REQUIREMENT: Please reproduce the entries exactly as they appear below, but not the pictures.

[Crawled caption data]
::::::::::
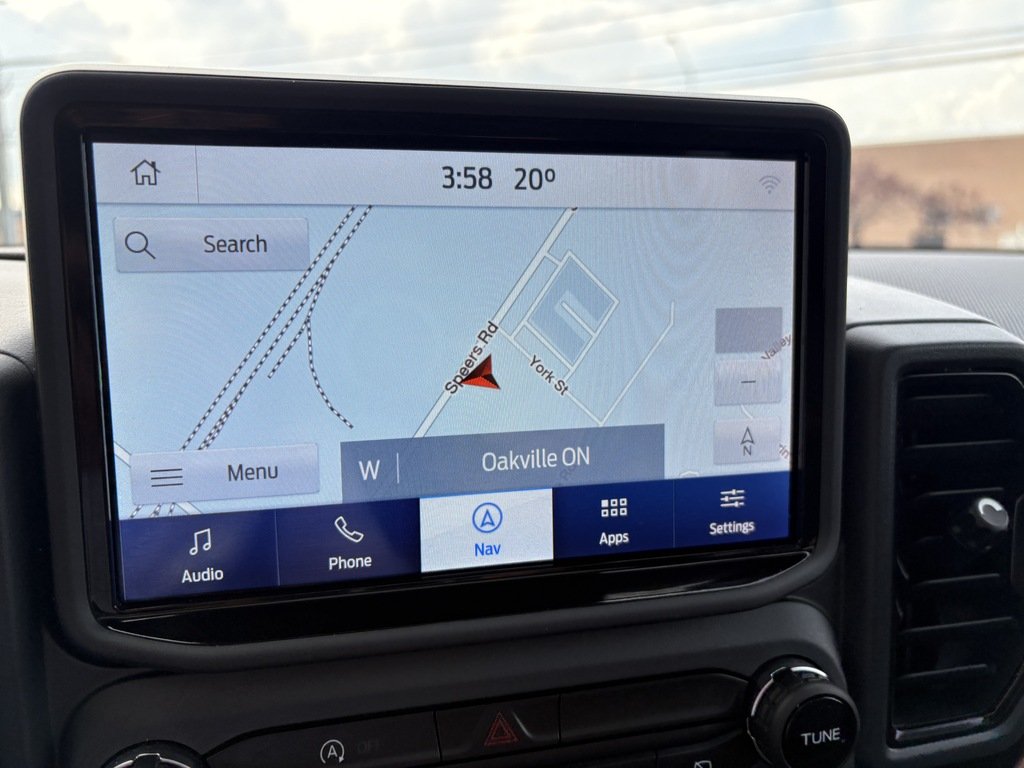 2021 Ford Bronco Sport OUTER BANKS   B&O SOUND   SUNROOF   NAV in Oakville, Ontario - 19 - w1024h768px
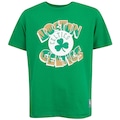 Camiseta do Boston Celtics NBA Boom N1112 Juvenil VERDE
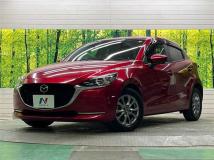 2020 Mazda Mazda2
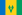 Flag of Saint Vincent and the Grenadines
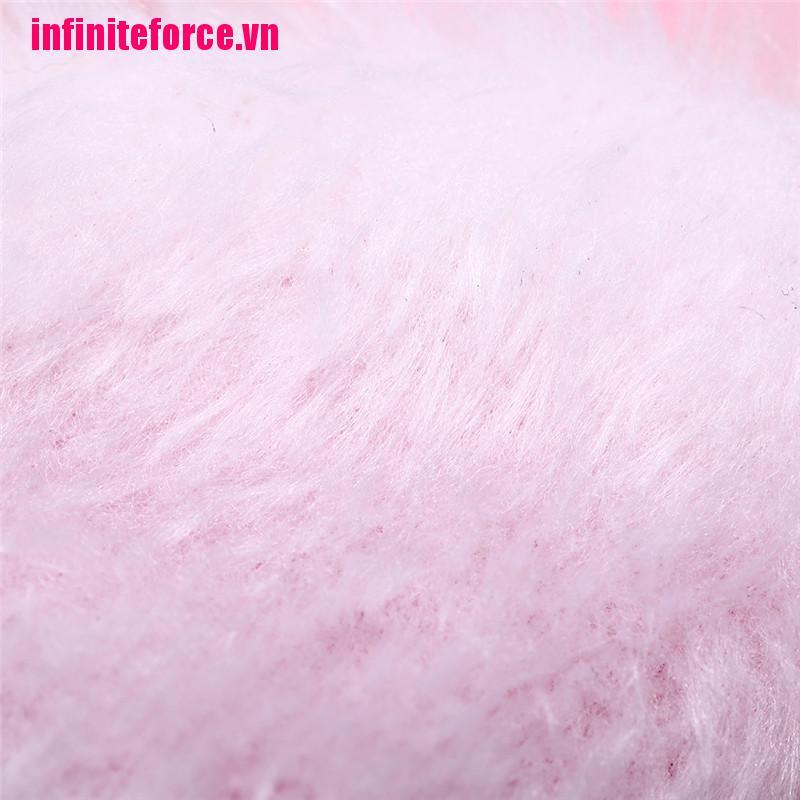 Kẹp tóc hình tai mèo gắn chuông dùng cho hóa trang cosplay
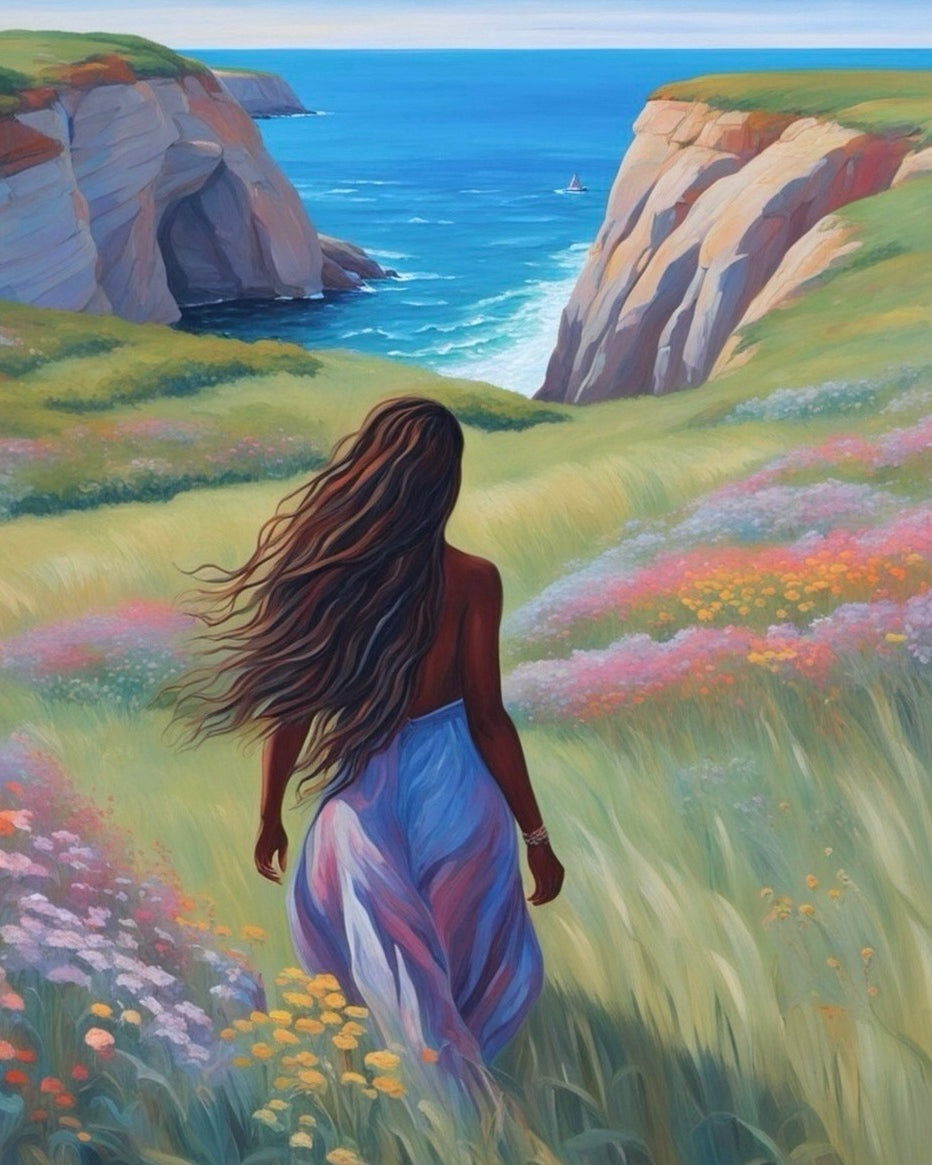 Giclee Rolled Canvas Print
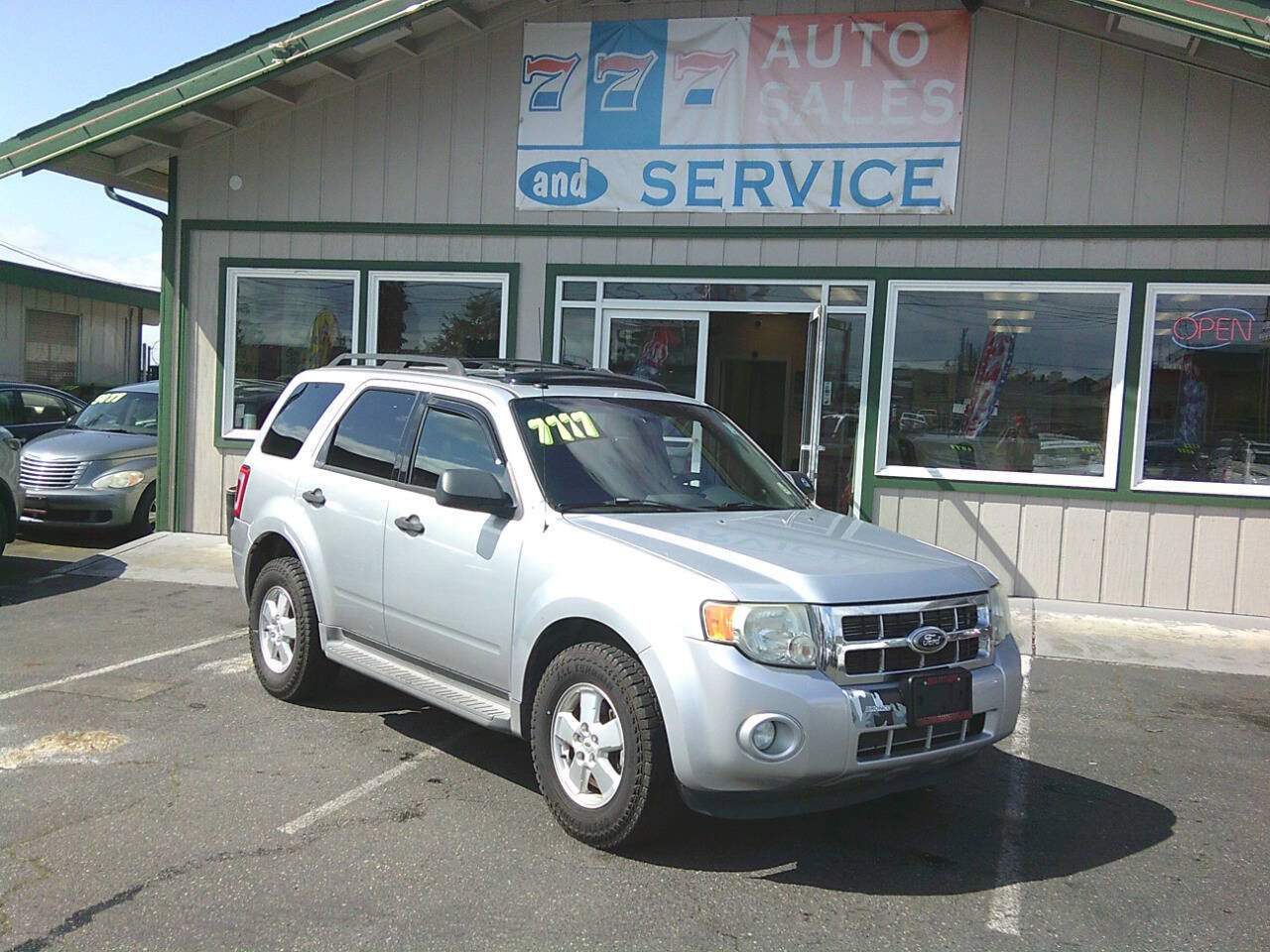 Used 2010 Ford Escape XLT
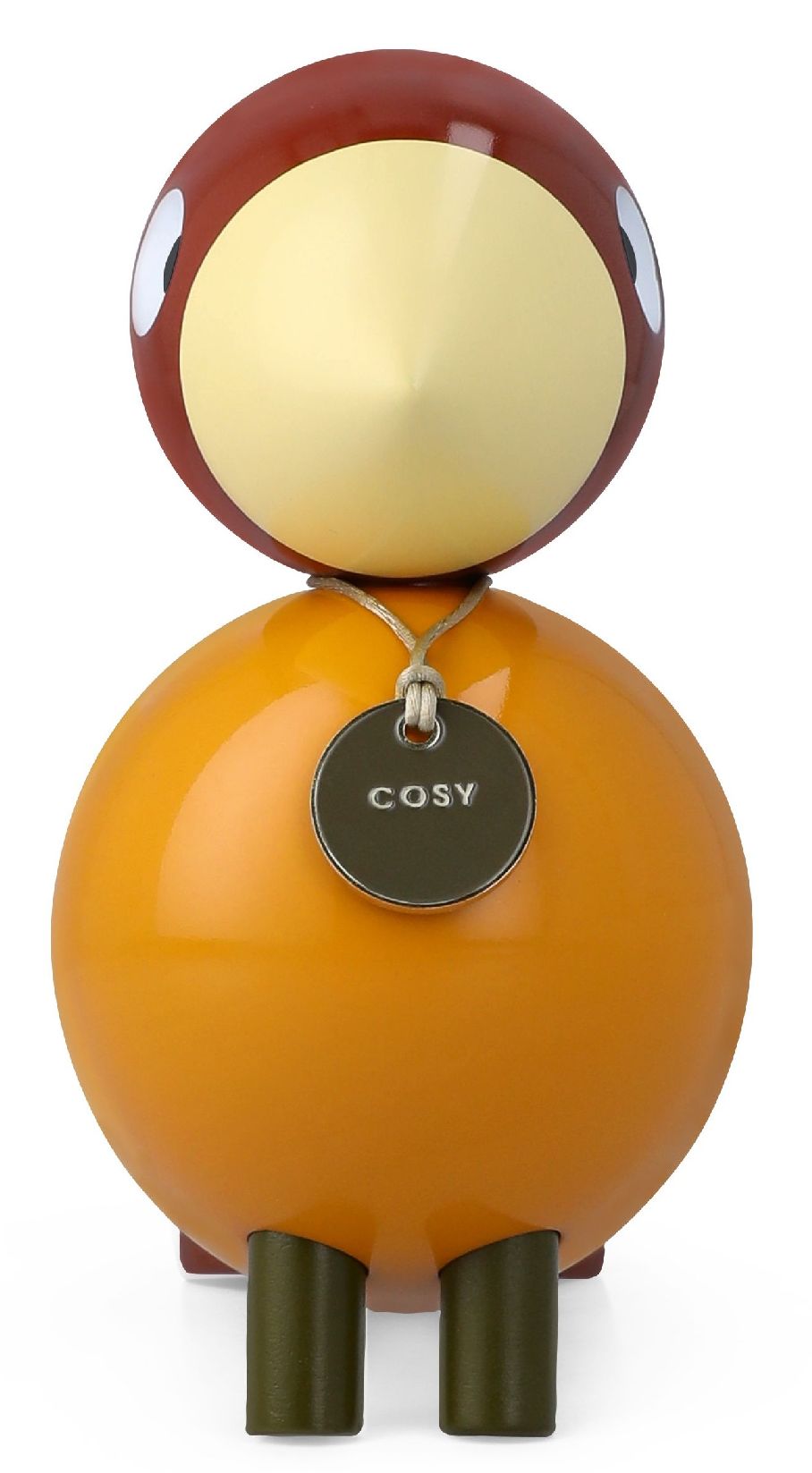 Story Bird Cosy Vogel-Holzfigur Kay Bojesen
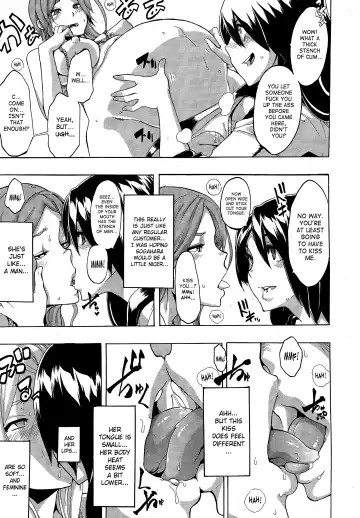 [Shindol] Onnanoko ni Natte | Becoming a Girl Fhentai - Page 139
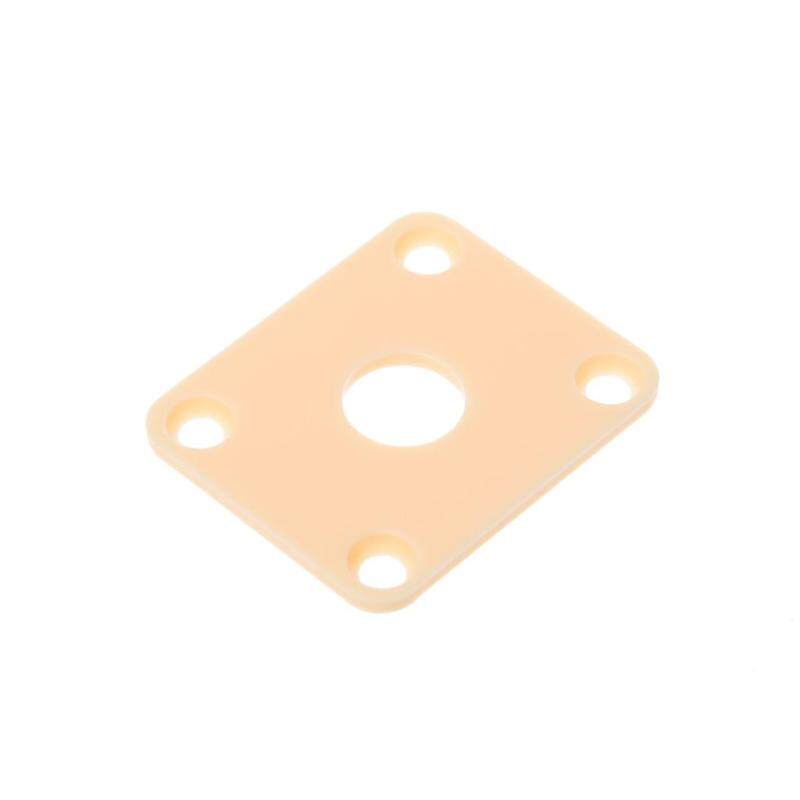 1pc Jack Plates Socket Cover for Les Paul Epiphone Guitar Replacement Parts Malaysia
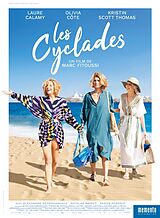 Les Cyclades (f-ch) DVD
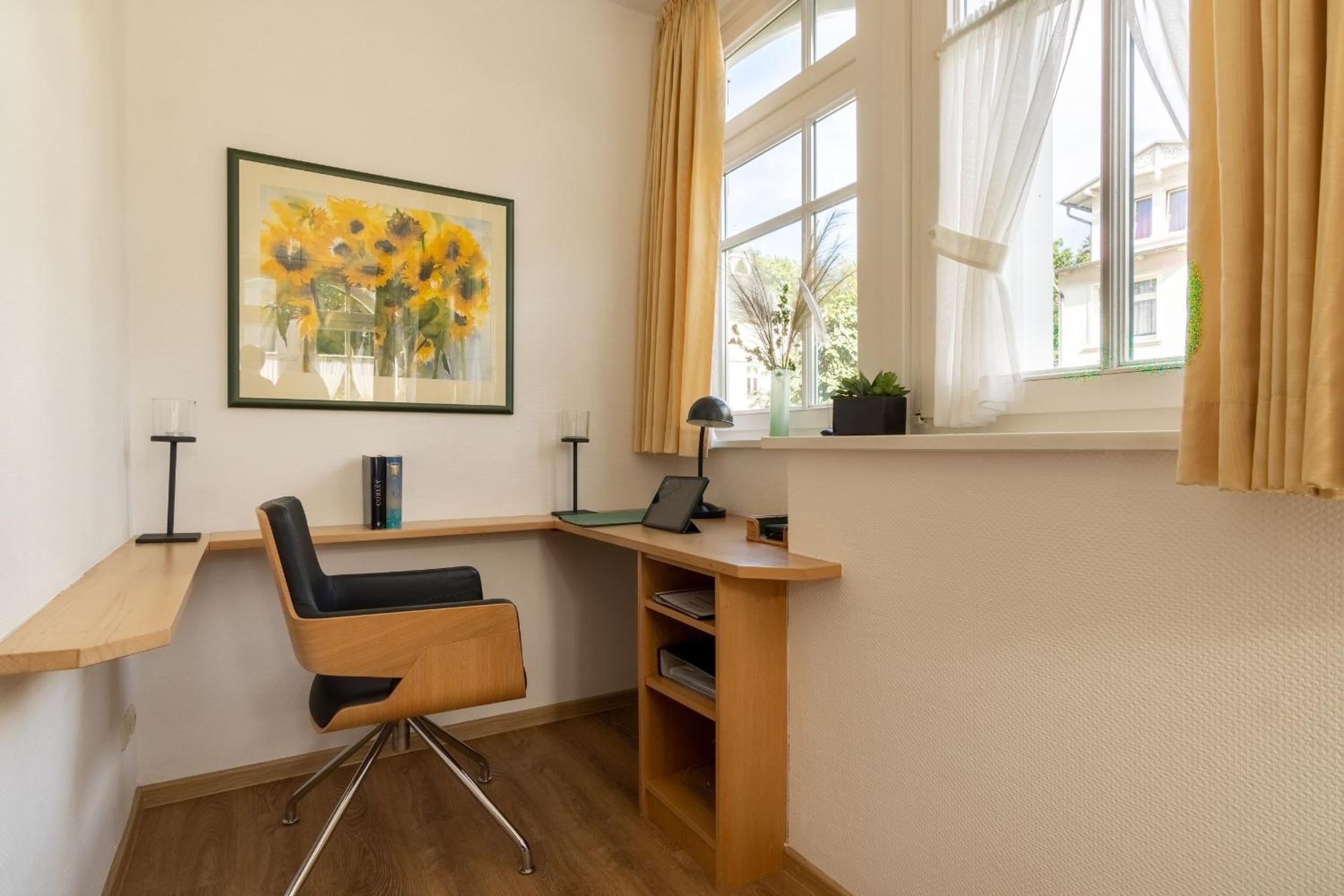 Ferienwohnung 14 Villa Eden
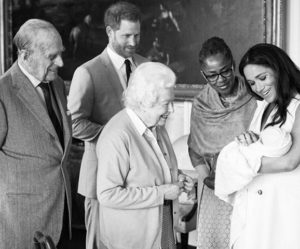 Fin del misterio: Meghan y Harry revelaron el nombre de su primer hijo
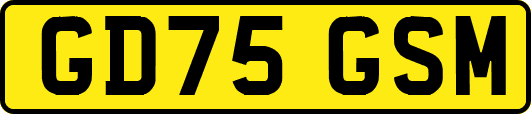 GD75GSM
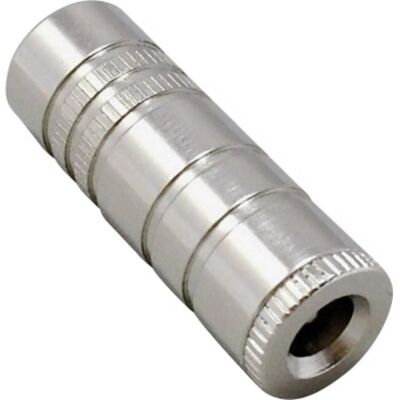 Złącze zasilania TRU Components - 5,6mm/2,1mm - Szare Złącze zasilania TRU Components - 5,6mm/2,1mm - Szare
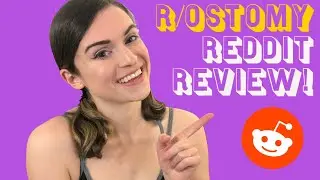 r/Ostomy Reddit Review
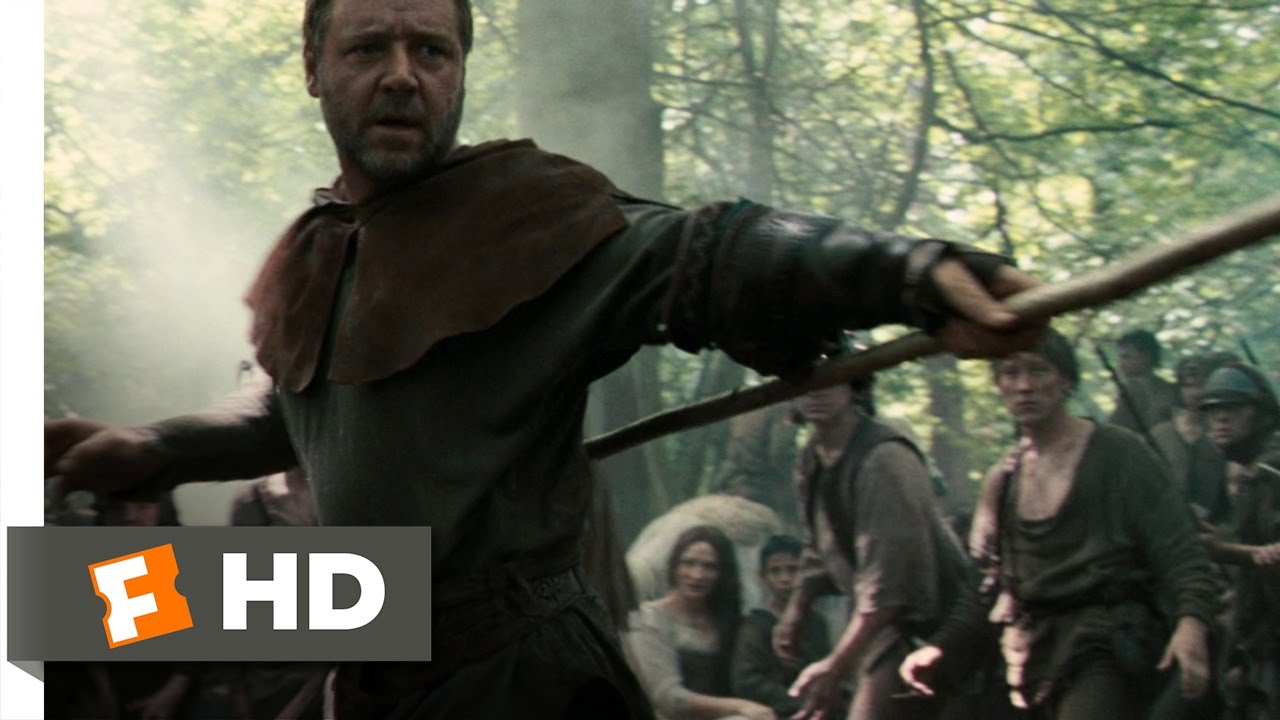 Robin Hood (6/10) – Os Fugitivos (2010)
::::::::::
OUTPUT BELOW:
 2021 Ford Bronco Sport OUTER BANKS   B&O SOUND   SUNROOF   NAV in Oakville, Ontario - 19 - w1024h768px
 Camiseta do Boston Celtics NBA Boom N1112 Juvenil VERDE
 2020 Mazda Mazda2
 Flag of Saint Vincent and the Grenadines
 Kẹp tóc hình tai mèo gắn chuông dùng cho hóa trang cosplay
 Giclee Rolled Canvas Print
 Used 2010 Ford Escape XLT
 Story Bird Cosy Vogel-Holzfigur Kay Bojesen
 [Shindol] Onnanoko ni Natte | Becoming a Girl Fhentai - Page 139
 1pc Jack Plates Socket Cover for Les Paul Epiphone Guitar Replacement Parts Malaysia
 Les Cyclades (f-ch) DVD
 Ferienwohnung 14 Villa Eden
 Fin del misterio: Meghan y Harry revelaron el nombre de su primer hijo
 GD75GSM
 Złącze zasilania TRU Components - 5,6mm/2,1mm - Szare Złącze zasilania TRU Components - 5,6mm/2,1mm - Szare
 r/Ostomy Reddit Review
 Robin Hood (6/10) – Os Fugitivos (2010)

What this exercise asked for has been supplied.